WORK ORDER. How do the lines below between the ones holding "Gramercy Double Sconce added by Cara Kinna" and "Die Blaue Lagune", inclusive, read? Give them again exactly, with no other lines.
(EXTRACTED RECORDS Opens)
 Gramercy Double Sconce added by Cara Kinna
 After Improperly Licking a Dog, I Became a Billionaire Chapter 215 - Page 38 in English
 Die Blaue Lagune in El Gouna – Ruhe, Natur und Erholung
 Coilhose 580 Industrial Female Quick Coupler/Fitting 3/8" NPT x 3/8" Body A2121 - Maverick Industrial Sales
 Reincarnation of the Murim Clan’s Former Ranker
(EXTRACTED RECORDS Closes)
(EXTRACTED RECORDS Opens)
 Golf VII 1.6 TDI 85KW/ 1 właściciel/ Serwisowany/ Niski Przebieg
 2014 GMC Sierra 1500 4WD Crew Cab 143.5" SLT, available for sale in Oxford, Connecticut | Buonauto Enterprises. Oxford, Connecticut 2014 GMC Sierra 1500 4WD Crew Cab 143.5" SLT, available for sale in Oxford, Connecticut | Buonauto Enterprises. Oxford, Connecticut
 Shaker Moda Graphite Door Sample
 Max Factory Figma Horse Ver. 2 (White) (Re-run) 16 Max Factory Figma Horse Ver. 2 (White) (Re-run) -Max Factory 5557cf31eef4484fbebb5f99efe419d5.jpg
(EXTRACTED RECORDS Closes)
(EXTRACTED RECORDS Opens)
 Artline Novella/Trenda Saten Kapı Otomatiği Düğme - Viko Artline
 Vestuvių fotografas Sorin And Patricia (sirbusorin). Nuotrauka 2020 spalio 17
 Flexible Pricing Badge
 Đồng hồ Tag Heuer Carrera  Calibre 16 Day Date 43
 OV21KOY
(EXTRACTED RECORDS Closes)
SOLUTION TO THIS PROBLEM.
 Gramercy Double Sconce added by Cara Kinna
 After Improperly Licking a Dog, I Became a Billionaire Chapter 215 - Page 38 in English
 Die Blaue Lagune in El Gouna – Ruhe, Natur und Erholung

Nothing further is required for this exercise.